▶ **PROBLEM DESCRIPTION**:
Go to the line below that contains "Alice in Wonderland.". From there to the end of the records, reproduce each line exactly, except the pictures.

(Beginning of EXERCISE INPUTS)

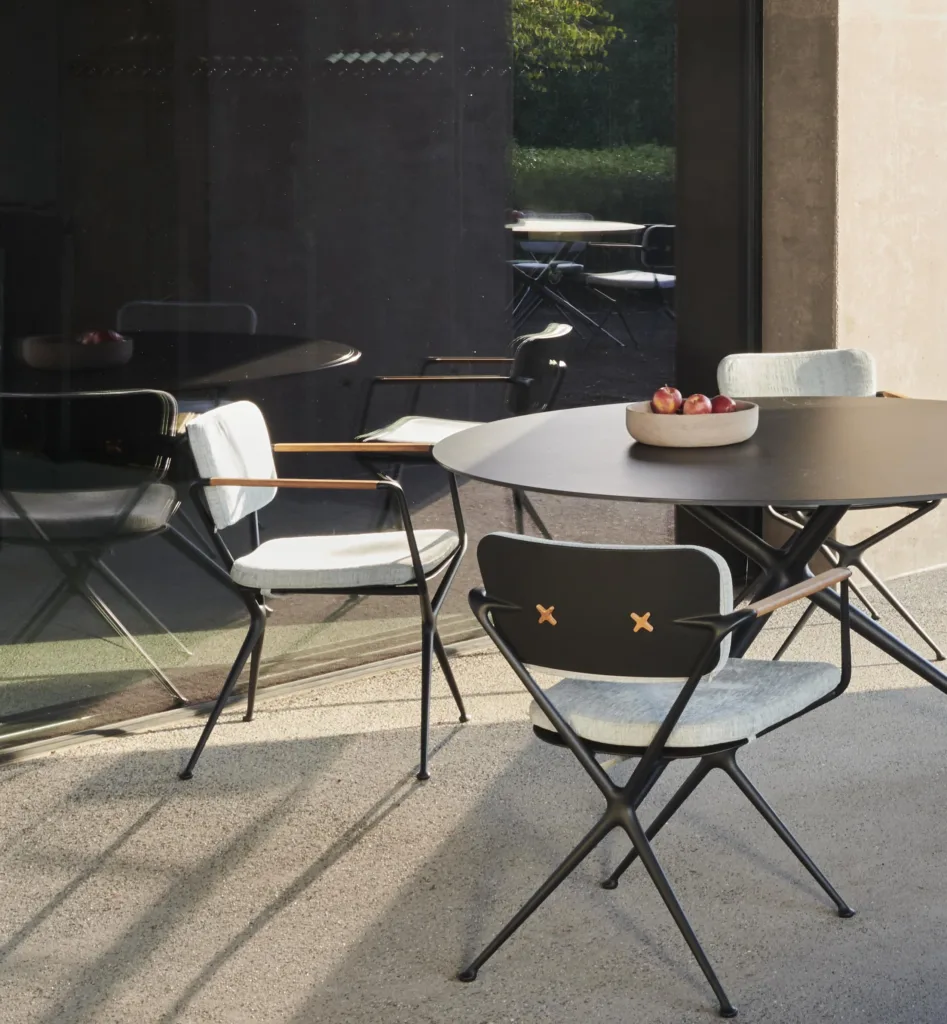 RoyalBotania Exes Chair Alu Detail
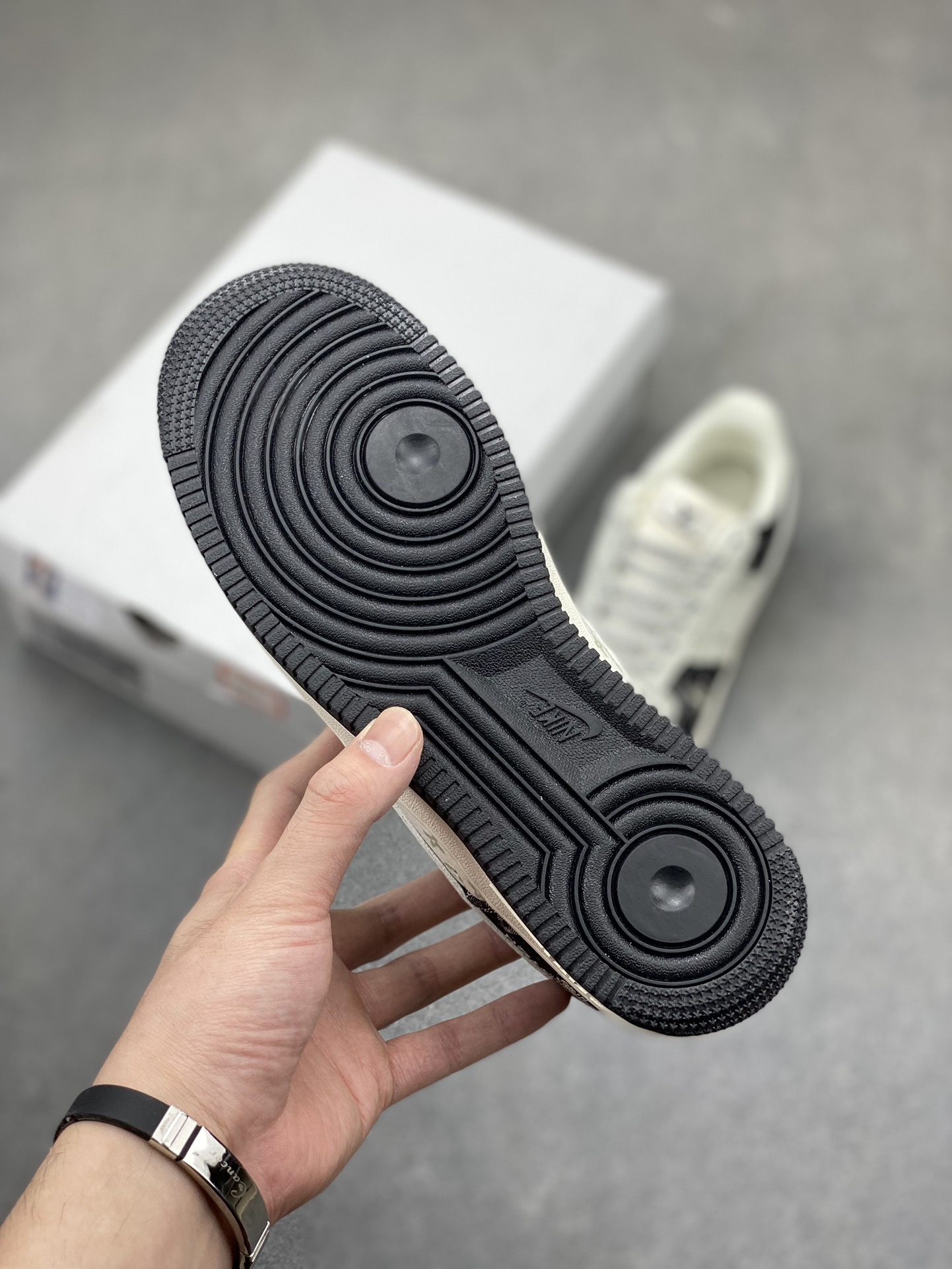 Nike Air Force 1 x Louis Vuitton Custom Sneakers - Limited Edition Design 7 i1717357704 9346 1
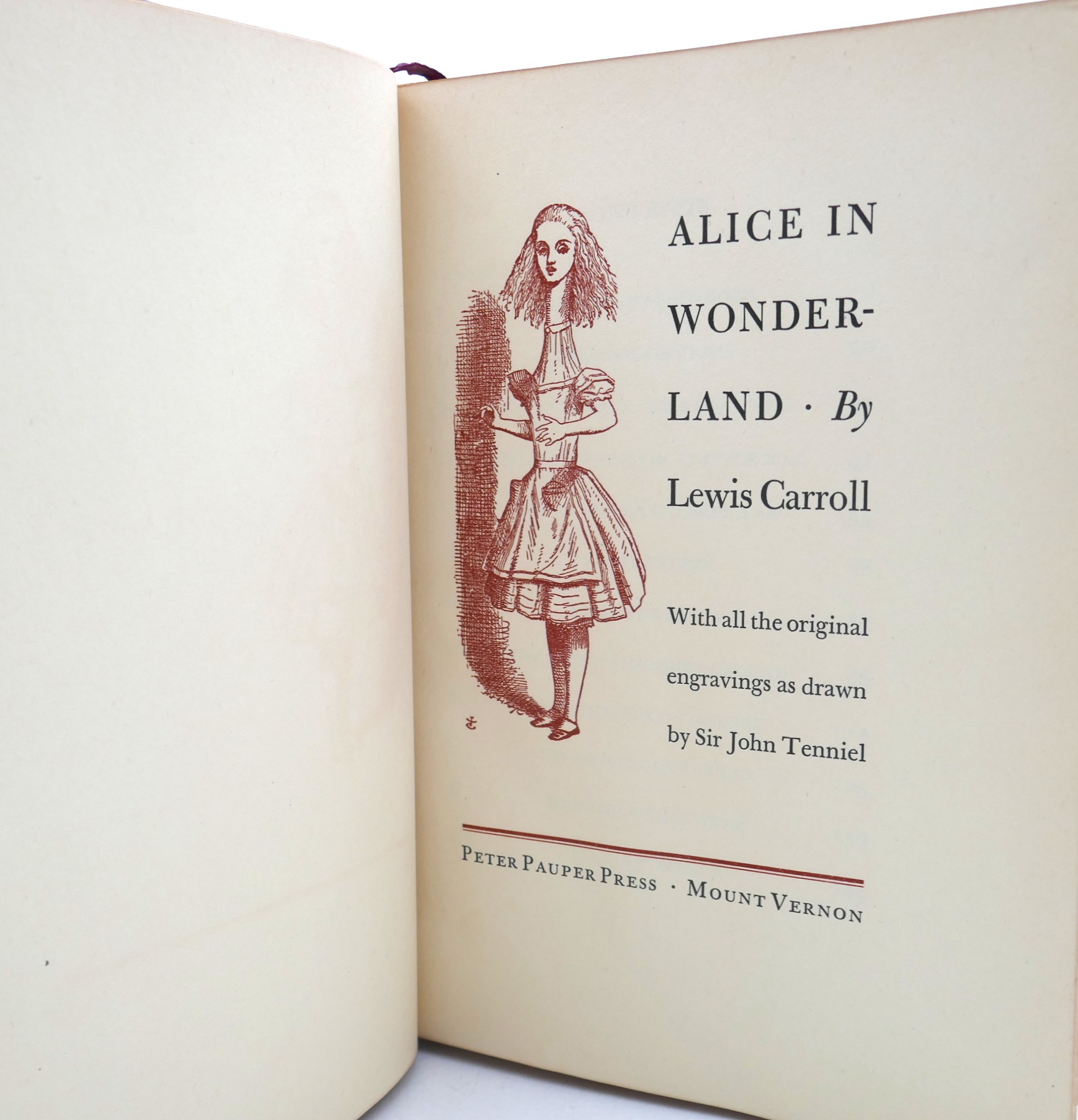 Alice in Wonderland. In a Fine Bespoke Binding (1950) - Image 5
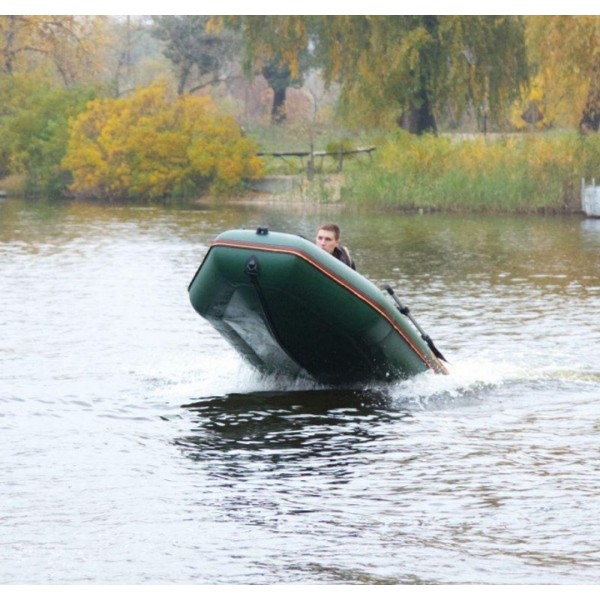 Надувная лодка Колибри КМ-330Д Профи — моторная килевая, фанерный пайол, зелёная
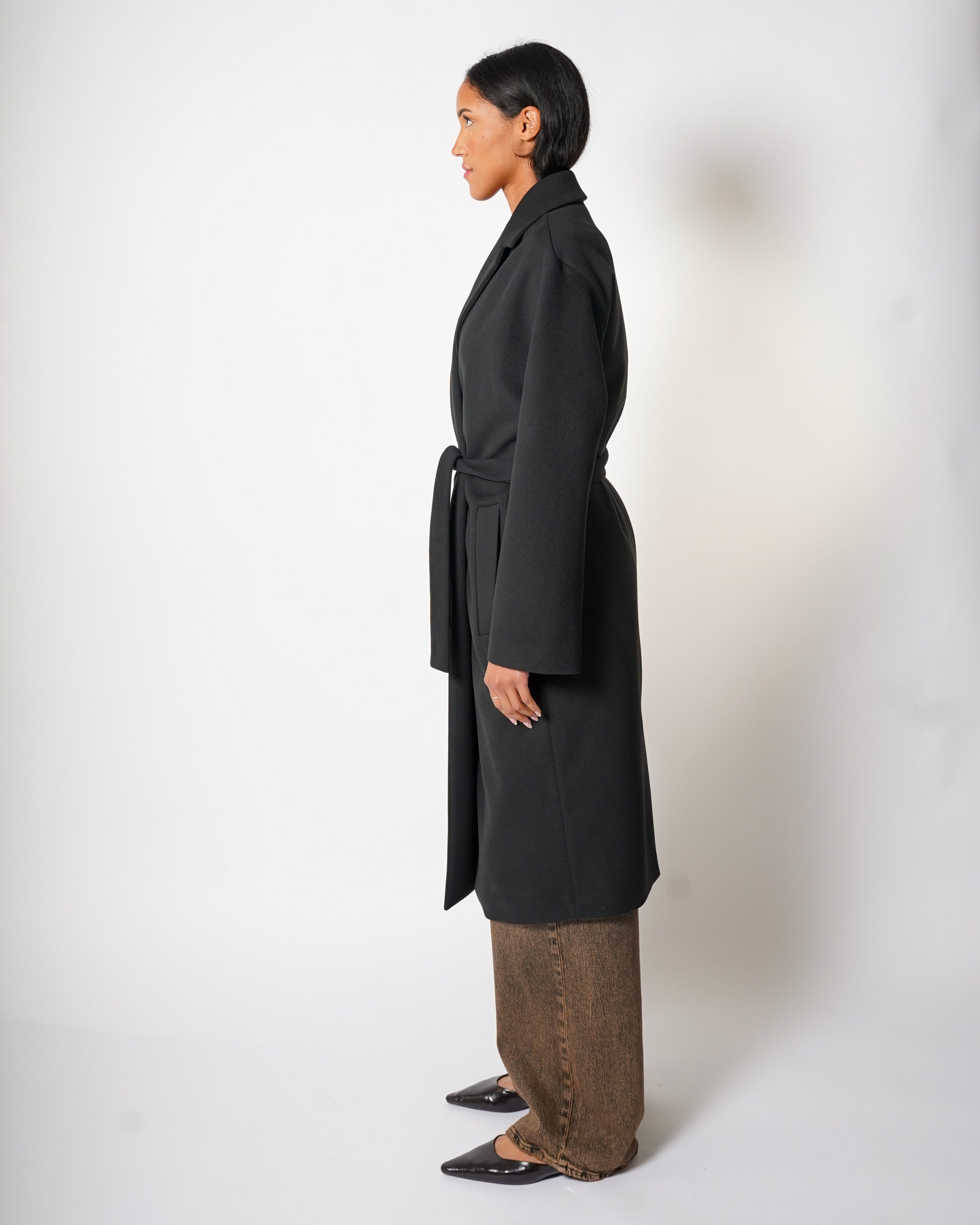 Cappotto lungo con cintura rimovibile, tasche e spalla costruita - Mister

(End of EXERCISE INPUTS)

▶ **RESULT OF THE EXERCISE**:
 Alice in Wonderland. In a Fine Bespoke Binding (1950) - Image 5
 Надувная лодка Колибри КМ-330Д Профи — моторная килевая, фанерный пайол, зелёная
 Cappotto lungo con cintura rimovibile, tasche e spalla costruita - Mister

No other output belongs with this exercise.